SUPPLIED RECORDS: Begin
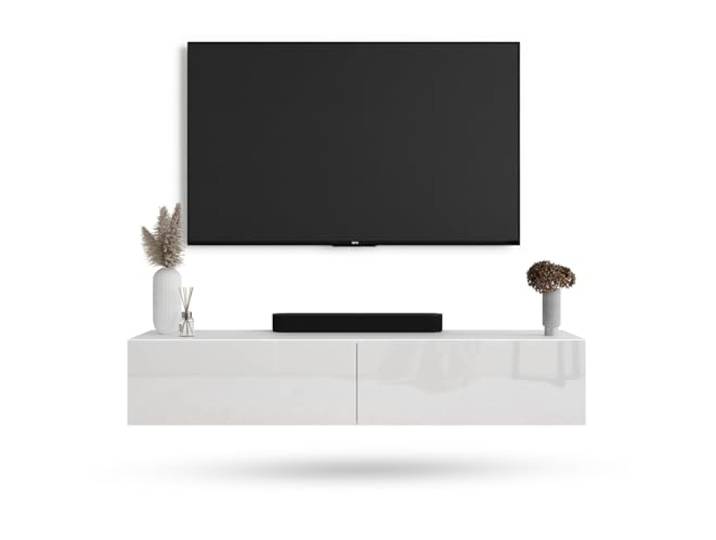 Planetmöbel West TV-Schrank, Fernsehtisch 160 cm lang, TV-Board für Fernseher bis 75 Zoll, TV Board viel Stauraum, lowboard hängend, Fernsehschrank 160 x 30 x 37,5 cm, weiß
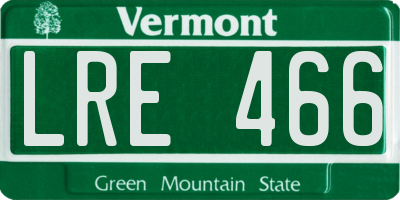 VT license plate LRE466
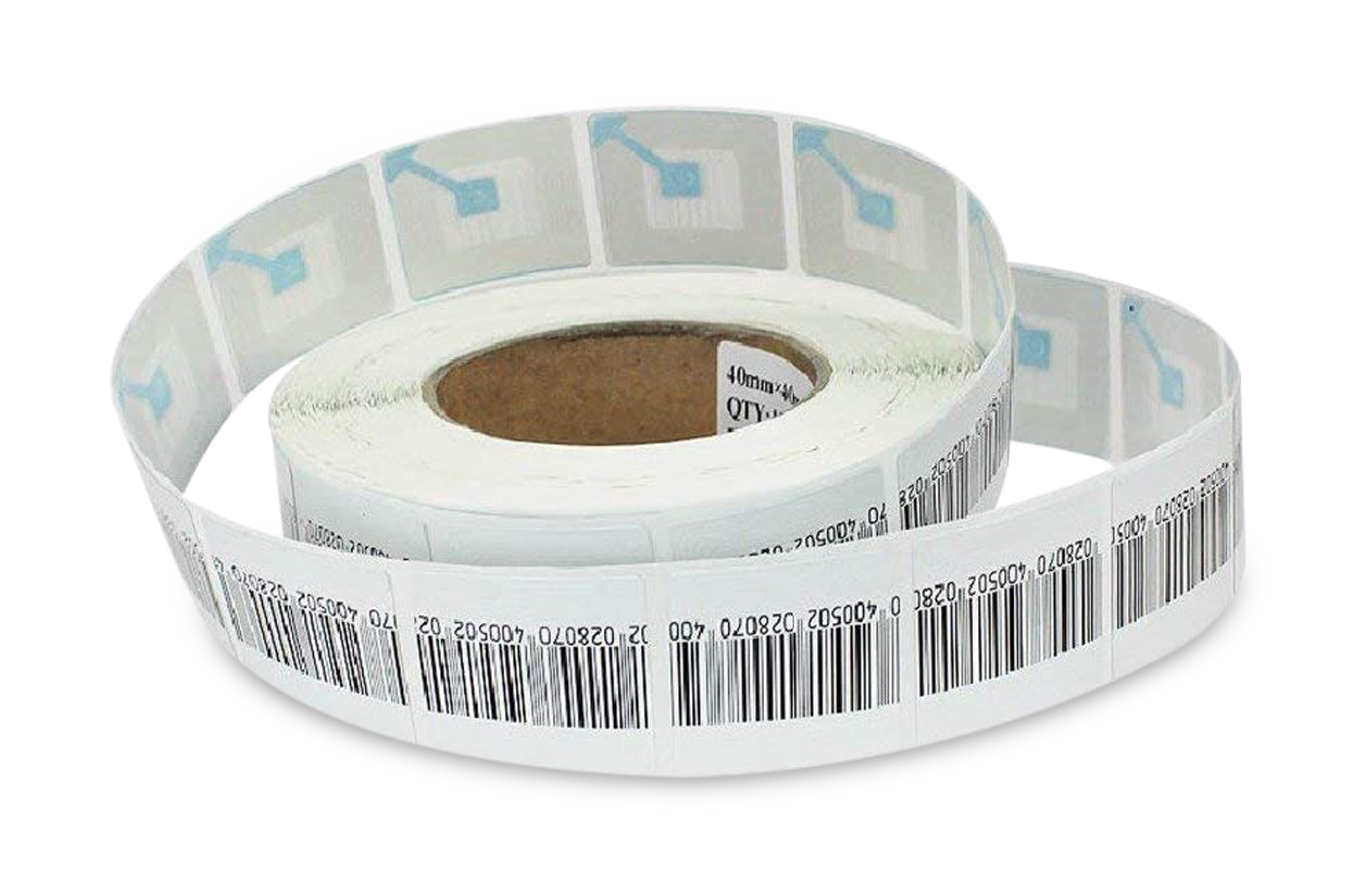 Beveiligingsstickers 4cm x 4 cm barcode RF - 1000st/rol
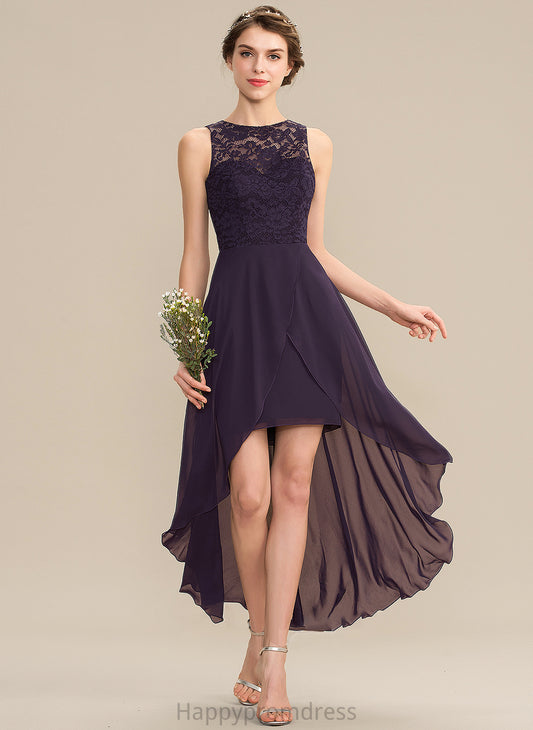 A-Line Length Fabric ScoopNeck Asymmetrical Silhouette Neckline Straps Lace Taniya Short Sleeves Natural Waist Bridesmaid Dresses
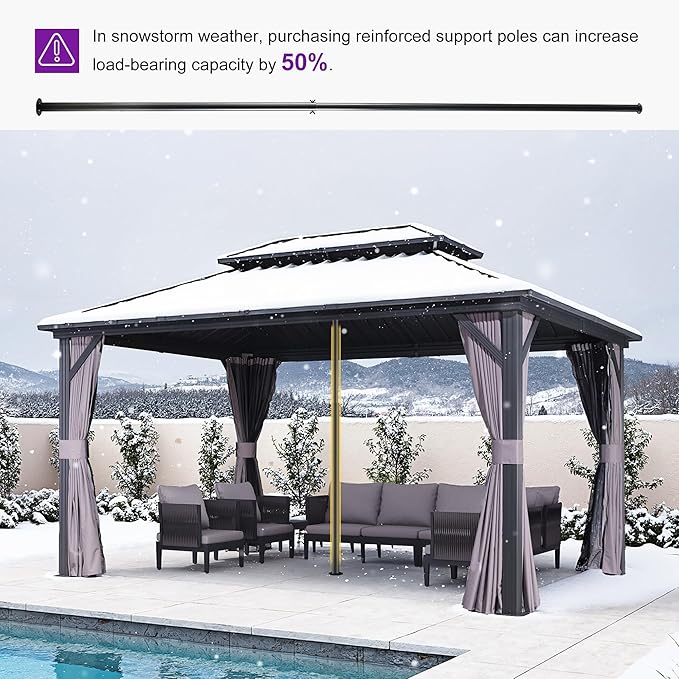 PURPLE LEAF 10' X 14' Outdoor Gazebo with Dual-Layer Galvanized Steel Double Roof for Patio Lawn Garden Aluminum Gazebo with Netting and Curtains Grey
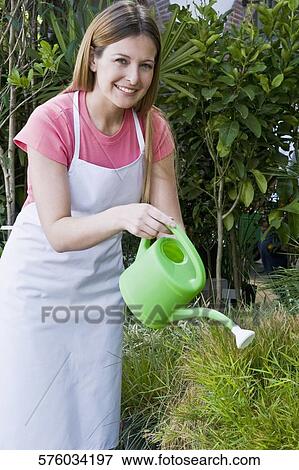 Stock Photo - Woman watering plants in a greenhouse. Fotosearch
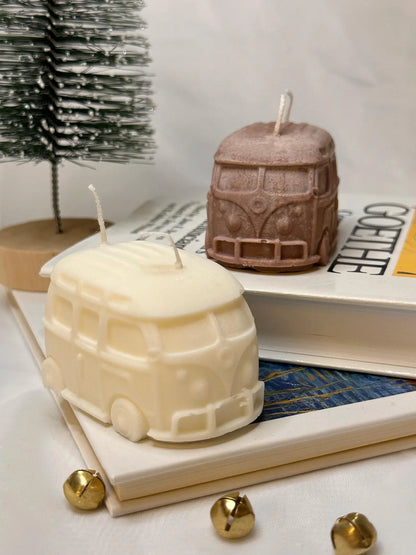 Hippie Bus Shaped Soy Candle – Handmade, Aesthetic Home Décor Gift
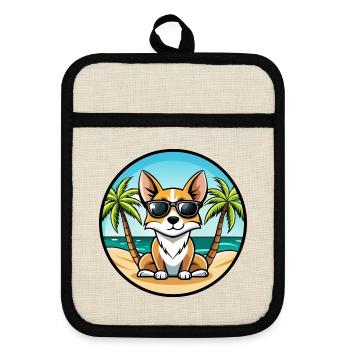 Miniatur Foxterrier Hunderasse Cartoon Sonnenbrille - Topflappen mit Gummirückseite - Leinen/Schwarz  - Vorne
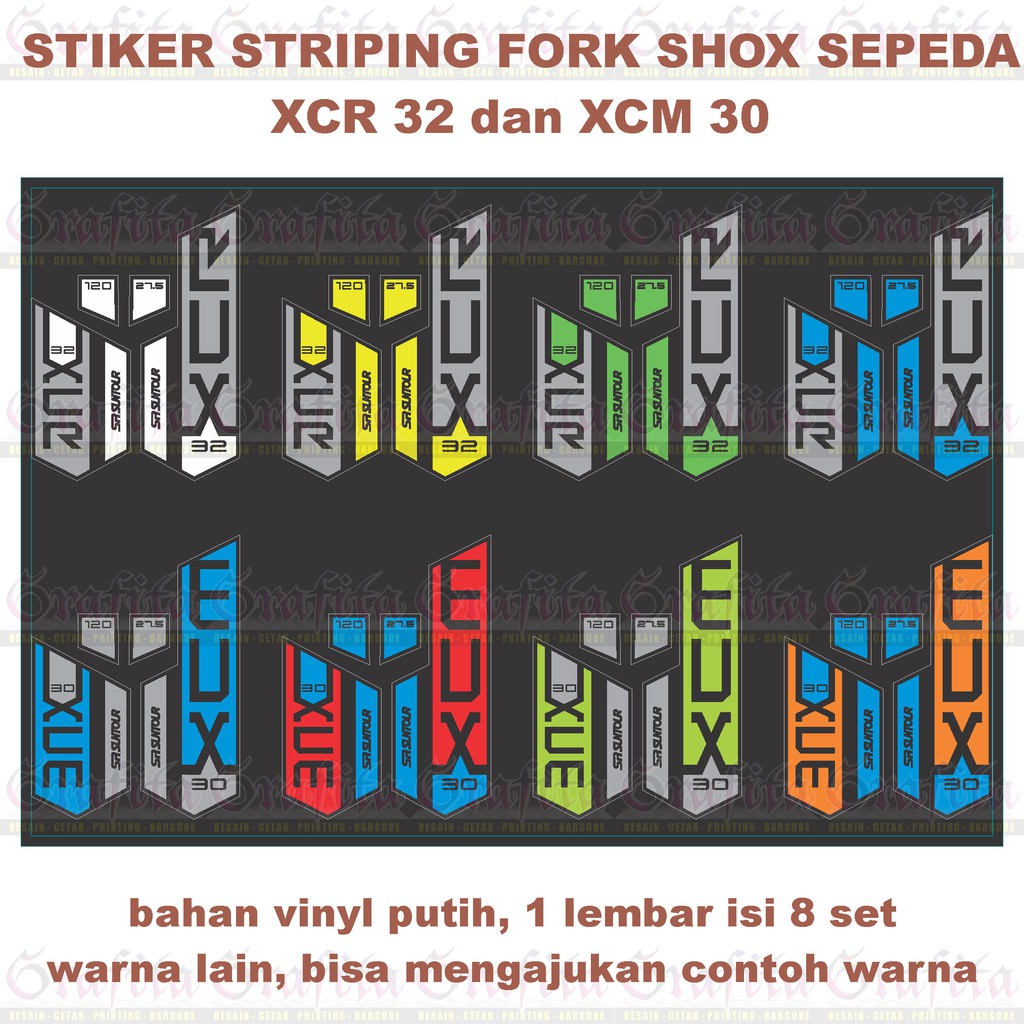 (1lbr = 8set) Stiker Striping Fork Shox XCR 32 dan XCM 30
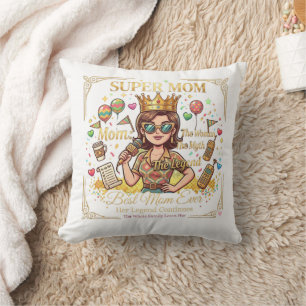 Coussin Super mom sticker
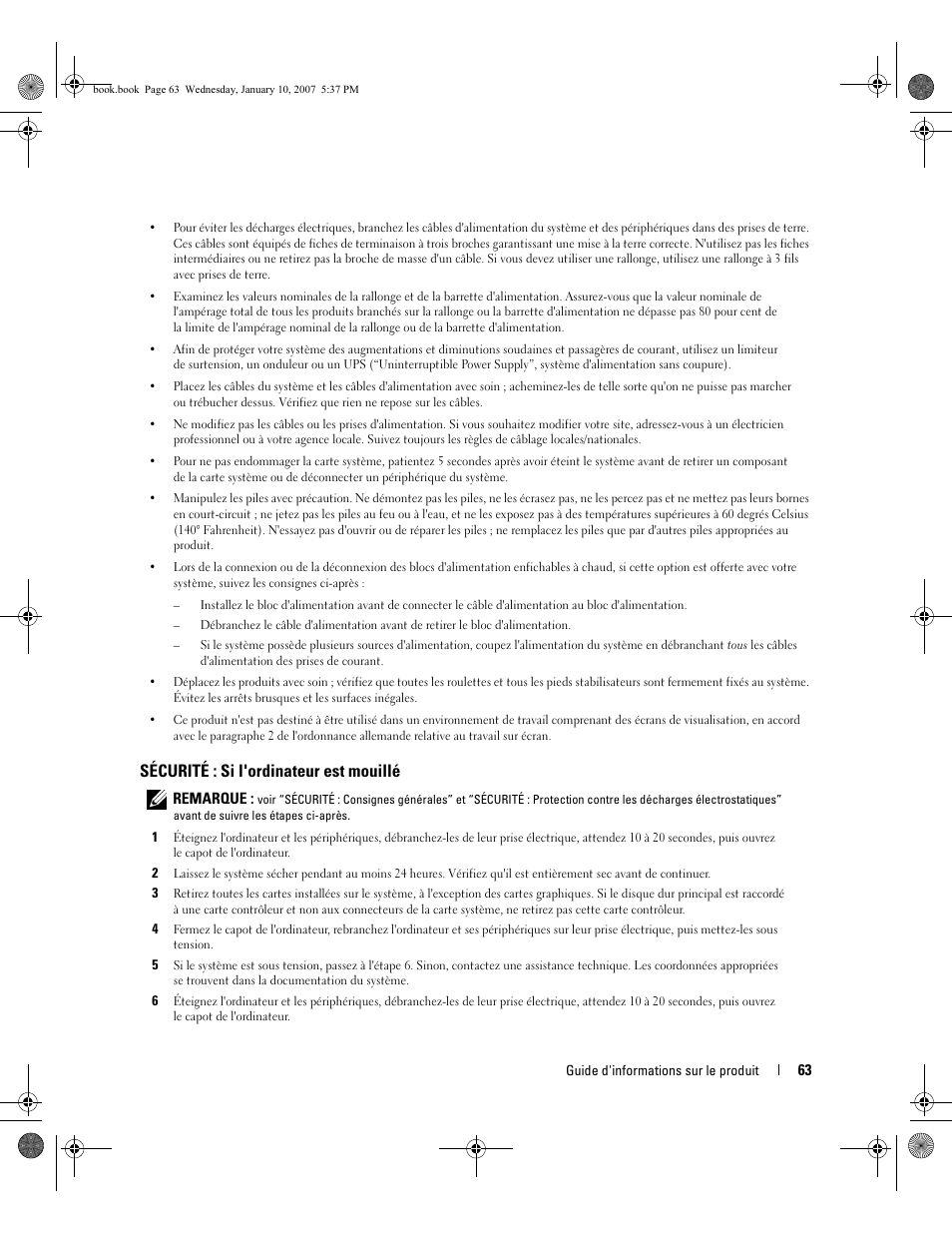 Sécurité : si l'ordinateur est mouillé | Dell ECX User Manual | Page 65 / 222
SUPPLIED RECORDS: End
▸ TRY IT:
Starting at the first line of the listing above, write out each line exactly and nothing else until you reach the line containing "A-Line Length Fabric", which is included as well; omit all pictures.

▸ ANSWER TO THIS TASK:
 Planetmöbel West TV-Schrank, Fernsehtisch 160 cm lang, TV-Board für Fernseher bis 75 Zoll, TV Board viel Stauraum, lowboard hängend, Fernsehschrank 160 x 30 x 37,5 cm, weiß
 VT license plate LRE466
 Beveiligingsstickers 4cm x 4 cm barcode RF - 1000st/rol
 A-Line Length Fabric ScoopNeck Asymmetrical Silhouette Neckline Straps Lace Taniya Short Sleeves Natural Waist Bridesmaid Dresses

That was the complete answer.